THEIR OWN OPINION OF "PINAFORE" –

PLAYS AND PLANS FOR THE FUTURE.

The Cunard steamer Bothnia, which arrived at Quarantine yesterday morning at three o’clock, brought among her passengers two of the brightest and cleverest Englishmen of our day; two Britons who have probably contributed more to the innocent amusement and pleasure of the American people than any others – Arthur Sullivan and William S. Gilbert – one the composer and the other the author of "Her Majesty’s Ship Pinafore."  It was a bitter cold morning.  The two famous representatives of English comic opera were still at breakfast, delightfully ensconced amid a bevy of charming American young ladies.

"I have come here from the HERALD to greet you upon your arrival on American soil," said the reporter.

Mr. Gilbert laughed and amiably introduced his comrade in arms, Mr. Sullivan.  They led the writer to their stateroom below, which was in a state of bewildering confusion.  The reporter, however, found a seat on a large cigar box containing, according to Mr. Sullivan’s statement, not less than five hundred cigars, while the composer crouched upon another box and Mr. Gilbert rested himself as well as he could against the sharp wooden edge of his berth.

"We had been warned by Edmund Yates and others that we should be interviewed," said Mr. Sullivan, after the conversation had been in progress in the most informal fashion for some little time; "and, to be frank with you, we had rather dreaded the ordeal; but if it is always as pleasant as this we’ll be happy to have it done every day."

GILBERT AND SULLIVAN SKETCHED.

The appearance and manner of the two famous Englishmen greatly belie the published accounts which have found their way across the ocean and which represented more especially Mr. Gilbert as a man of austere and haughty temperament.  On the contrary, two more amiable, modest, simple, good humored and vivacious men could not easily be imagined.  They fairly brim over with animation, high spirits and the jolliest kind of bonhomie, and it would appear to the most indifferent observer that they must shed gladness upon any company in which they happened to be.  Mr. Gilbert, a fine, well-made, robust man apparently of 45, above the medium stature, with the brightest and rosiest of faces, an auburn mustache, and short "mutton-chop" whiskers, tipped, only slightly, with iron gray, large and clear blue eyes, and a forehead of high, massive, and intellectual cast.  His voice has a hearty, deep ring, and his utterance is quick and jerky – as though he were almost tired of keeping up this business of saying funny things, which everybody more or less expects of him.  Mr. Sullivan is quite different.  In his appearance gentle feeling and tender emotion are as strongly expressed as cold, glittering, keen-edged intellect is in that of Mr. Gilbert.  He is short, round and plump, with a very fleshy neck, and as dark as his collaboratteur is fair, with a face of wonderful mobility and sensitiveness, in which the slightest emotion plays with unmistakable meaning, with eyes which only the Germanic adjective of "soulful" would fitly describe and the full, sensuous lips of a man of impassioned nature.  With all this Mr. Sullivan, who keeps a monocle dangling over one eye while the other twinkles merrily at you and whose dark whiskers and hair have an ambrosial curl, is also something of a polished man of fashion.

A FROTHY TRIFLE.

The conversation of course turned first upon "Pinafore" and Gilbert and Sullivan agreed in expressing their surprise at its enormous success in this country.
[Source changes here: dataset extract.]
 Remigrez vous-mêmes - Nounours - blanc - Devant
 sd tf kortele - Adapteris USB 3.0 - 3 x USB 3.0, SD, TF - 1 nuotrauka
"It is rather hard," said Gilbert, with great good humor, "when one has done for years serious work – work, at least, aiming to be so – to find after all that a frothy trifle like this should have so far exceeded in its success the work which one has held in far more serious estimation.  For we really had no idea that it would be such an extraordinary success, you know."

Mr. Sullivan cordially chimed in with this sentiment and alluded to his oratorios and other compositions of a more classical and ambitious style, which he was constrained to acknowledge had not met with anything like the popular success that "Pinafore" has enjoyed.

"Under what inspiration was it composed – champagne or Bass’ ale?"

Mr. Sullivan laughed and replied that during most of the time in which he wrote the score of the "Pinafore" he was seriously ill, and was often in great pain when he composed the merriest melodies in that tuneful little work.

"Did these striking airs occur to you spontaneously, or did you have to search for them, as it were?"

"Oh, it’s a great mistake to suppose that the music of an opera bubbles up like a spring," was the composer’s reply.  "We have to dig for music like the miner for his gold.  It won’t do for the miner to expect the gold to come up spontaneously.  He has to dig deep for it, and so do we, also, have to dig for our musical treasures."

"And the words," the reporter queried, turning to the author.  "How was it that they were so closely wedded to the musical idea?"

"Well, we have been working together harmoniously for the last seven years," was Mr. Gilbert’s reply, "and have learned to understand each other so thoroughly that even the faintest suggestion of the one meets with a ready and sympathetic response from the other.  In all this period of active cooperation it has never even once occurred that we have disagreed as to the way in which an idea should be carried out, be it either poetically or musically."

"Did you expect these familiar quotations from ‘Pinafore’ to become the popular catchwords which they now are?"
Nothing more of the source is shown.